The Crimson Tide learned that it will be the No. 4 seed in the Midwest Region of the 2026 NCAA Tournament on Selection Sunday, and it'll face 13-seed Hofstra on March 20.
Unlike the regular season, if head coach Nate Oats and company lose in March Madness, they are done. The 2026-27 season would be the next step. So, how does Alabama establish a win-or-go-home mindset from here on out?
"One, they've got to realize it's it. You don't play well, you're done," Oats said on a Zoom press conference following Alabama's NCAA Tournament draw. "So I don't want pressure with that kind of mindset. I think there's a confidence that comes from being prepared and knowing that you put a lot of work into the season. But when you play hard and lose yourself in the game, the offense comes easy.
Alabama has a reputation on the line. The Crimson Tide is the only program in the country to reach the Elite Eight in back-to-back NCAA Tournaments. This includes the first Final Four appearance in school history.
Instilling the make-or-break mindset could take some time, which Alabama doesn't exactly have. But Oats' recent success in March Madness will be used as a tactic to motivate the Crimson Tide.
"We're going to reference some of these runs we made here in the past," Oats said. "I mean, you go back to that run we made two years ago to the Final Four, and you go back up to Spokane, we end up taking care of Charleston pretty well, but I believe we were a four-seed then that was the 13.
"We ended up playing Grand Canyon as a 12-seed in the second round, and they had a lead with six minutes to go in the game, if I recall correctly. So not a huge difference between a 12 and a 13."
But Oats may go back even further, as he was reminded of his time in upstate New York.

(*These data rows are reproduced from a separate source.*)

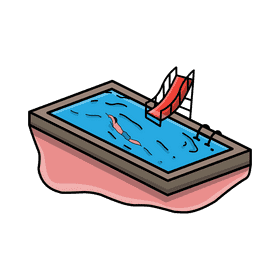 Swimming pool Waterslide clipart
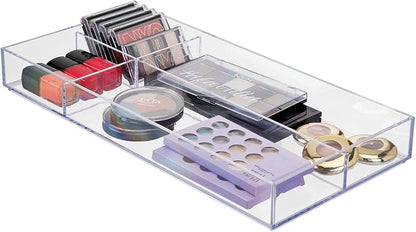 mDesign Plastic Divided Makeup Organizer Holder Tray for Bathroom Drawer, Vanity, Countertop Storage - Cosmetic Organization Holds Palettes, Brushes, Accessories - Lumiere Collection - Clear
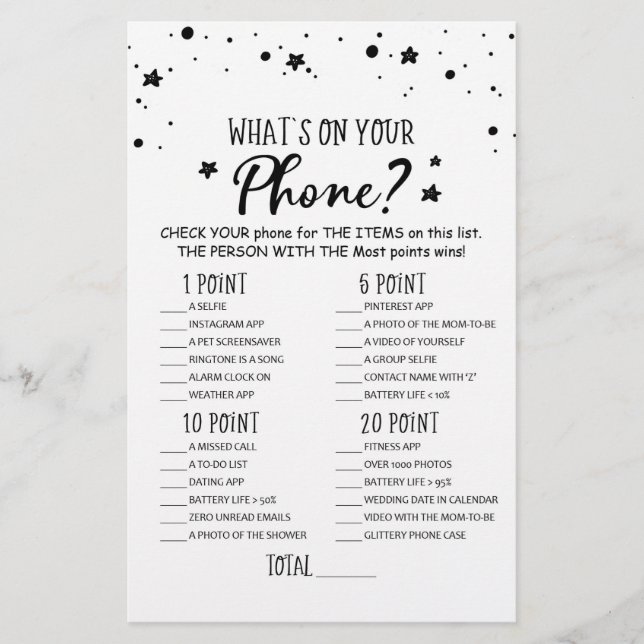 Papier Qu'y a-t-il sur ton téléphone ? Jeu Baby shower pa (Devant)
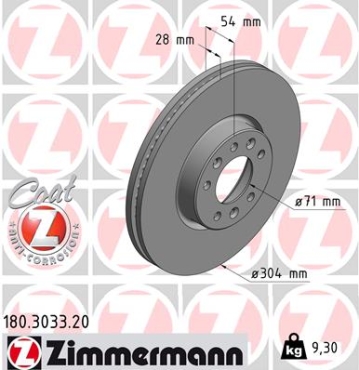Zimmermann Brake Disc for CITROËN SPACETOURER (V_) front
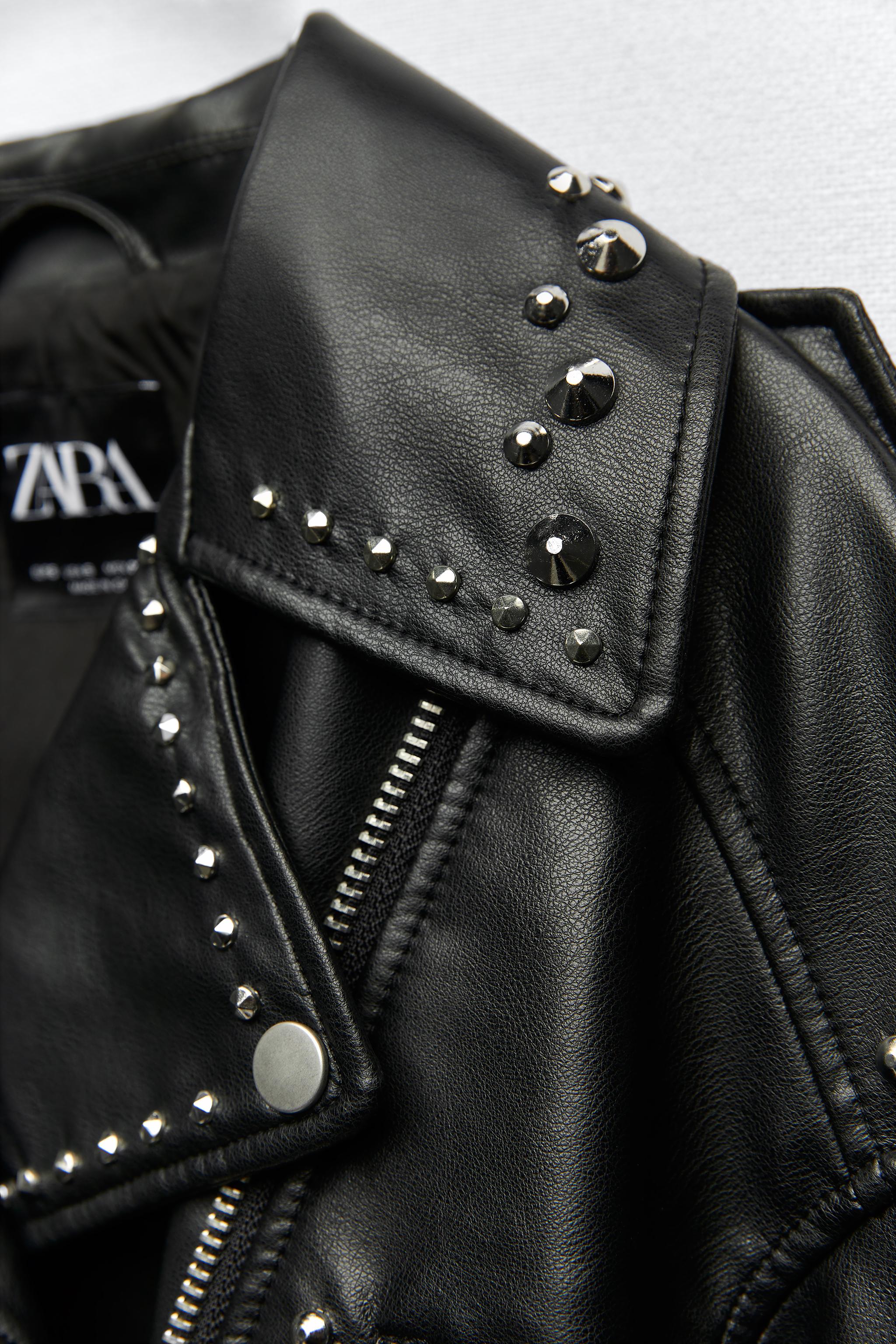 STUDDED FAUX LEATHER JACKET - Black | ZARA United States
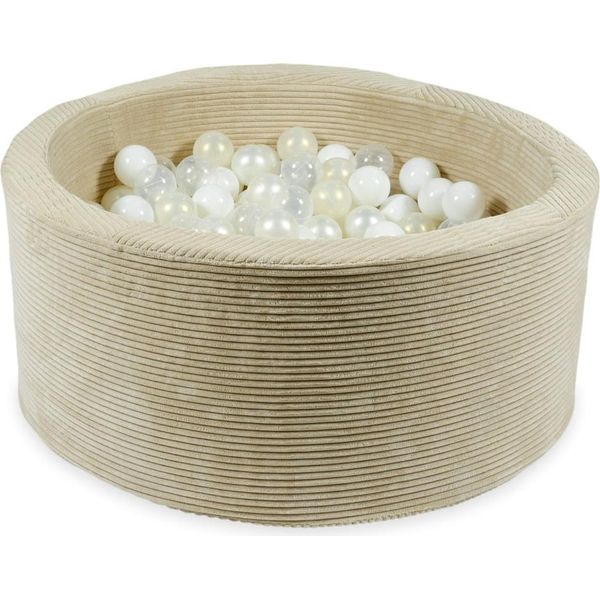 Bacinella 90X40 Beige Cordone Con 300 Palline: Bianco, Madreperla, Trasparente, Opalescente-image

"I was a 13-seed at Buffalo our third year (the 2017-18 season) there," Oats said. "The second time we went to the tournament, we were a 13-seed, and I thought we were maybe a little better than a 13 and Hofstra probably feels the same way. And we ended up getting matched up against Arizona, who I thought was a lot better than a 4-seed. And you know, we came in popping. We were up 25 and put the walk-ons in with two minutes to go in the game."
If there's anything that the AP Top 25 was spot-on about this season, it was Alabama. The Crimson Tide was ranked as the No. 15 team in the Preseason AP Poll, and although it was quite the roller coaster in the rankings throughout the season, UA finished with that same rank before postseason play.

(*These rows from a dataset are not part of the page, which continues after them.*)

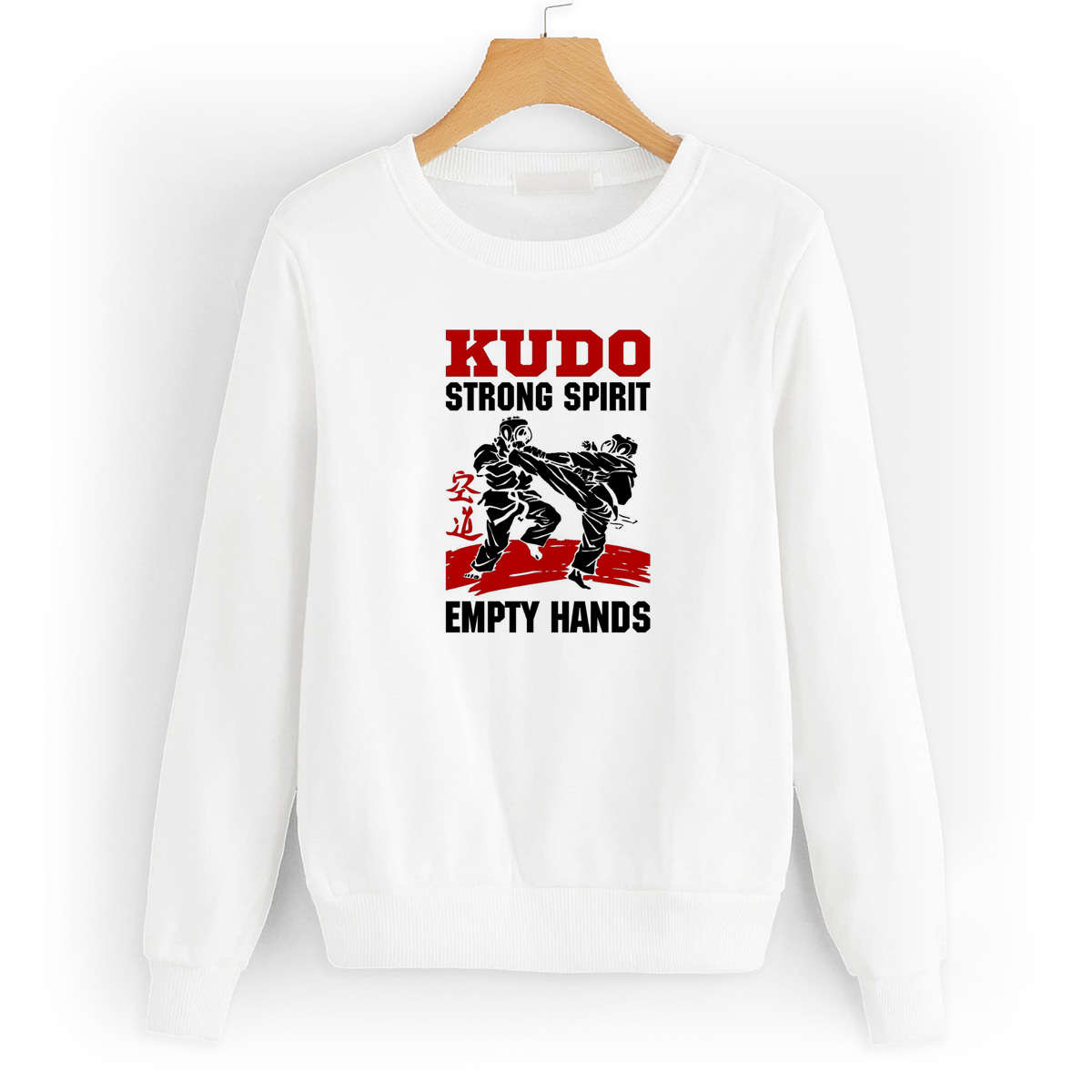 

Свитшот белый CoolPodarok Kudo strong spirit empty hands, W0113447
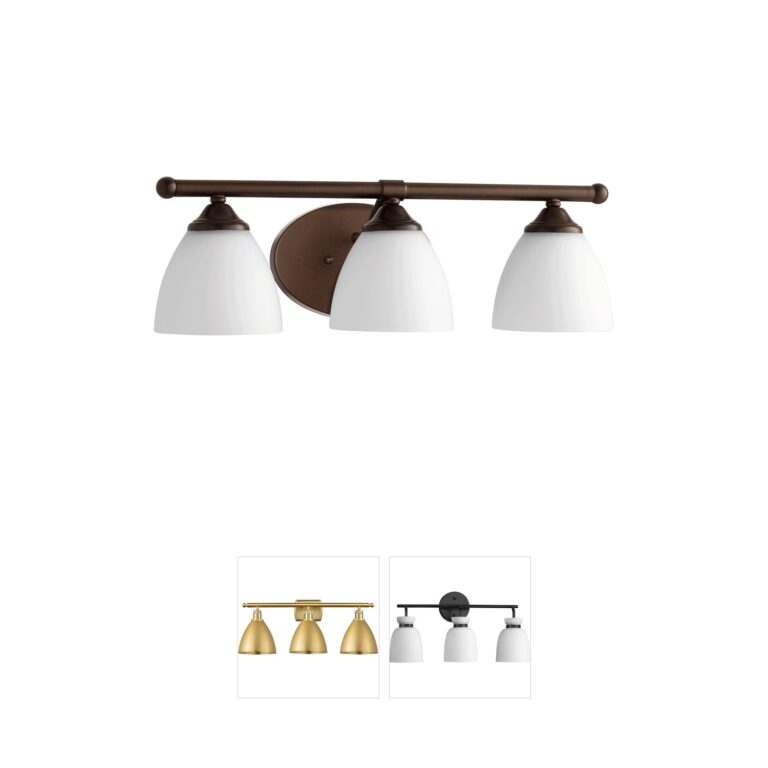 Quorum Brooks 3-Light Oiled Bronze Vanity with Satin Opal Glass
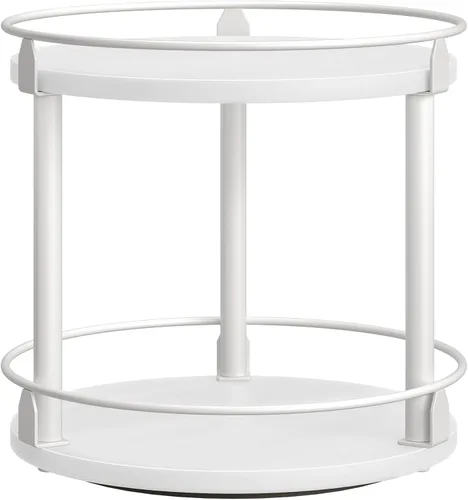 Miniatura 19 de YATINEY Lazy Susan SR22BR - Organizador giratorio para especias, organizador de platos giratorios de 2 niveles, soporte industrial para especias
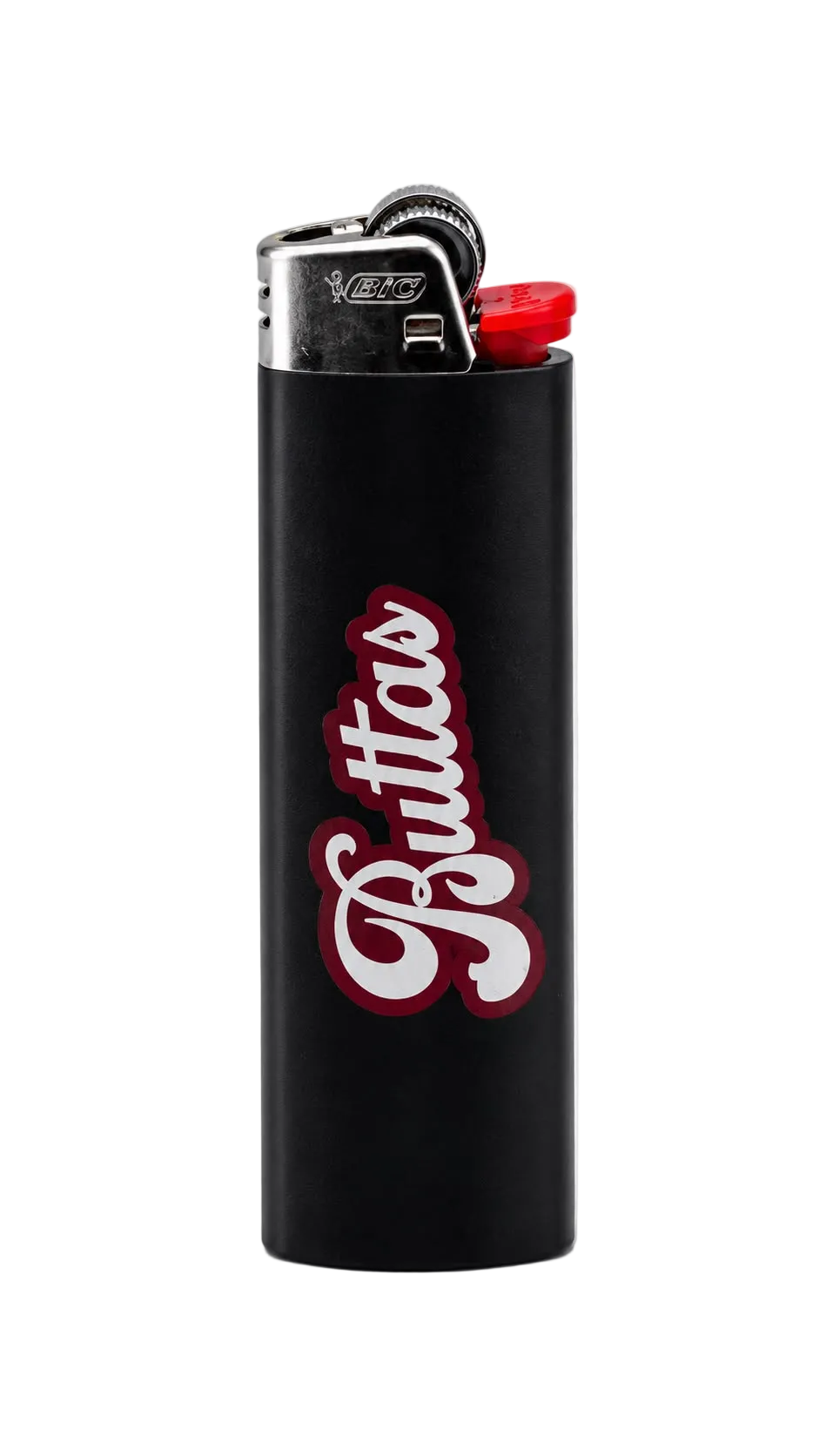 Black Buttas BIC pocket lighter with white and burgundy logo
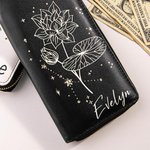 Personalizada Zodiaco Nacimiento Flor Cartera de mano portátil de cuero con nombre y múltiples compartimentos Cumpleaños Aniversario de regalo para las mujeres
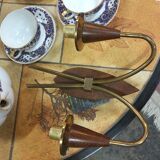Scandinavian style sconces in gold metal and Wenge wood circa 1960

Alabama was No. 14 at the start of SEC play after finishing its nonconference slate with a 10-3 record. The Crimson Tide was 2-3 in ranked nonconference contests, with wins over then-No. 5 St. John's and then-No. 8 Illinois, but losses to then-No. 2 Purdue, then-No. 12 Gonzaga and then No. 1 Arizona.
But Alabama hit a wall after starting 4-4 in SEC play, as a two-week stretch of being absent from the AP Top 25 broke a ranked streak that started in January 2024. This was the tipping point for Oats and company, as the Crimson Tide proceeded to win eight straight games and clinch a double bye and the No. 2 seed in the SEC Tournament.
Despite having nearly a week without a game, Alabama fell to 15-seed Ole Miss 80-79 in the SEC Tournament quarterfinal on Friday. Oats said he "would've liked to have seen us play with a win-or-go-home mentality" against the Rebels, but hopes it'll be a lesson.
"If you don't come with the right mentality, you're going to get sent home," Oats said. "And it's going to be a disappointing end to a season that had a lot of promise at the beginning. We had a solid year. We were the 2-seed in the SEC Tournament, we're a 4-seed in the NCAA tournament.
"That's solid. It's great for what was going on before we got here, but it's not good enough for what we want. We've got to make a deep run here."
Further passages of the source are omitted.